There are some flats above the shops opposite the Que Club.  There's also flats around the canal near the NIA.


----------



## marty21 (Nov 23, 2011)

ouchmonkey said:


> you're thinking of the NIA
> 
> NEC is out by the airport - fair old walk


my bad


----------



## marty21 (Nov 23, 2011)

I quite liked the area called the Jewelry Quarter  - and went to a couple of decent pubs between there and the centre


----------



## Badgers (Nov 23, 2011)

marty21 said:


> I quite liked the area called the Jewelry Quarter - and went to a couple of decent pubs between there and the centre



Is that near The Custard Factory (Gibb Street, B9 4AA) or another part? I had looked at this as a possible.


----------



## mr steev (Nov 23, 2011)

Badgers said:


> Is that near The Custard Factory (Gibb Street, B9 4AA) or another part? I had looked at this as a possible.
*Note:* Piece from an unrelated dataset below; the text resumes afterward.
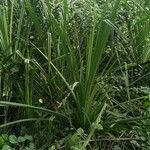 Pandanus urophyllus Leaf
Another part. The Custard Factory is in Digbeth which is right next to the center, the Jewelry quarter is a bit further out


----------



## Badgers (Nov 23, 2011)

mr steev said:


> Another part. The Custard Factory is in Digbeth which is right next to the center



Thoughts on Digbeth?


----------



## 1927 (Nov 23, 2011)

Badgers said:


> Thoughts on Digbeth?



Great if you like a certain type of pub. I used to enjoy going down there for a pint.


----------



## mr steev (Nov 23, 2011)

There are plenty of pubs and clubs, big links with the Irish community and a bit arty/media
I'll let a brummy say what it's like to live there. My impression was that it used to be a bit rough, but recently they've tried to gentrify it a bit - leading to clubs being threatened with closure because of noise complaints from residents who have only just moved there when the clubs have been there for years


----------



## Badgers (Nov 23, 2011)

Evening noise is not an issue. Beneficial to have some night life but a mix of places iykwim.


----------



## idumea (Nov 23, 2011)

I'd say Digbeth if in the centre (walkable to New Street and the Bullring easily, lots going on) or Moseley if outside the centre. You can still walk from Moseley to the city centre (it's only about 2 miles) or take a bus, but it's got a very village-y feel. Slightly posh and green, lots of nice pubs, really friendly. Balsall Heath if you want somewhere dead cheap with amazing food.


----------



## idumea (Nov 23, 2011)

oh, also, two words: BALTI TRIANGLE


----------



## ItWillNeverWork (Nov 23, 2011)

ouchmonkey said:


>




I wish I could double-like that post. Awesome.


----------



## baldrick (Nov 23, 2011)

ouchmonkey said:


> no
> 
> depending on how close in you mean - the centre is not very residential at all
> always been a problem imo that no-one actually lives there


i live in the city and there are shedloads of flats and a fair number of houses with gardens close by if you venture either north towards hockley or south towards highgate and balsall heath.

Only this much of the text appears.